# [TASK TO CARRY OUT]
Omit any picture, and return the remaining data exactly as written.

----- GIVEN INFORMATION

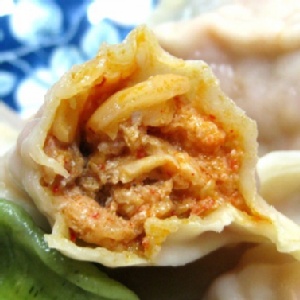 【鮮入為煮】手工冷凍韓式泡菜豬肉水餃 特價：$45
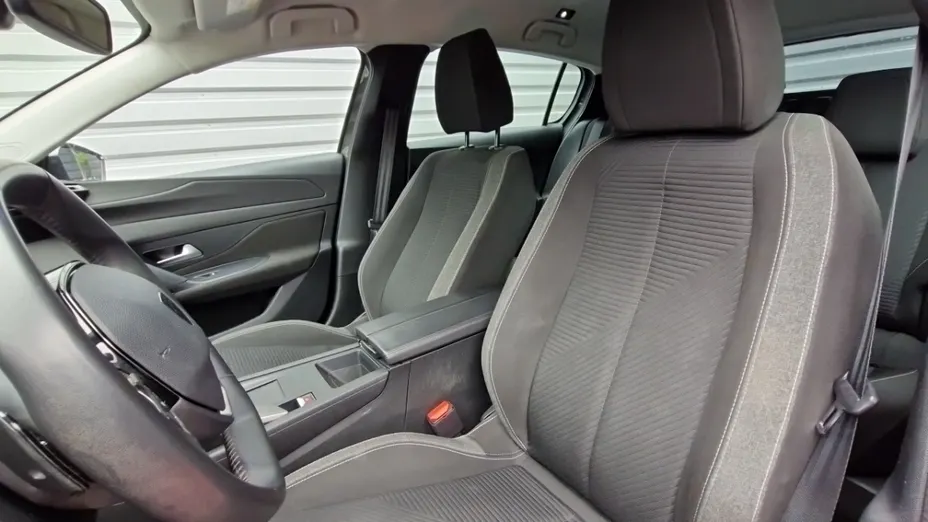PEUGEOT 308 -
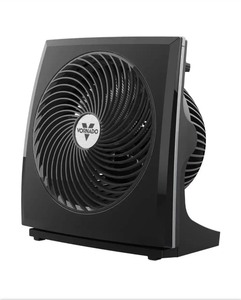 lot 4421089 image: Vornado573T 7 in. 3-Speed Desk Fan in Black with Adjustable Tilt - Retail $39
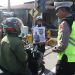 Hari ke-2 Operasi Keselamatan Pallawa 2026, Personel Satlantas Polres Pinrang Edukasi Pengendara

----------

# [SOLVED PROBLEM]
 【鮮入為煮】手工冷凍韓式泡菜豬肉水餃 特價：$45
PEUGEOT 308 -
 lot 4421089 image: Vornado573T 7 in. 3-Speed Desk Fan in Black with Adjustable Tilt - Retail $39
 Hari ke-2 Operasi Keselamatan Pallawa 2026, Personel Satlantas Polres Pinrang Edukasi Pengendara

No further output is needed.